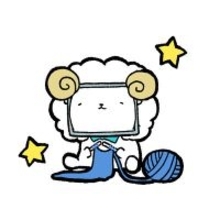 【2026年牡羊座の運勢】才能開花と挑戦の年｜総合運・恋愛運・金運・仕事運を占う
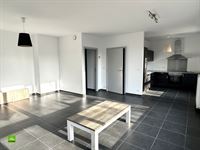 Image 4 : appartement à 5000 NAMUR (Belgique) - Prix 295.000 &euro;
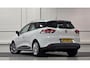 Renault Clio Estate 1.5 dCi Ecoleader Zen Navigatie Nieuwe APK 3e Eigenaar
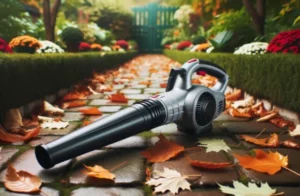 Top 4 Leaf Blower Black Friday Deals 2023: What to Expect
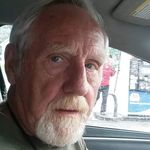 Roger Boring - @veyage4801 - Instagram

§ **TASK REQUIREMENTS**
Exclude all images and retype the data precisely.

§ **SOLUTION TO THIS PROBLEM**
 【2026年牡羊座の運勢】才能開花と挑戦の年｜総合運・恋愛運・金運・仕事運を占う
 Image 4 : appartement à 5000 NAMUR (Belgique) - Prix 295.000 &euro;
 Renault Clio Estate 1.5 dCi Ecoleader Zen Navigatie Nieuwe APK 3e Eigenaar
 Top 4 Leaf Blower Black Friday Deals 2023: What to Expect
 Roger Boring - @veyage4801 - Instagram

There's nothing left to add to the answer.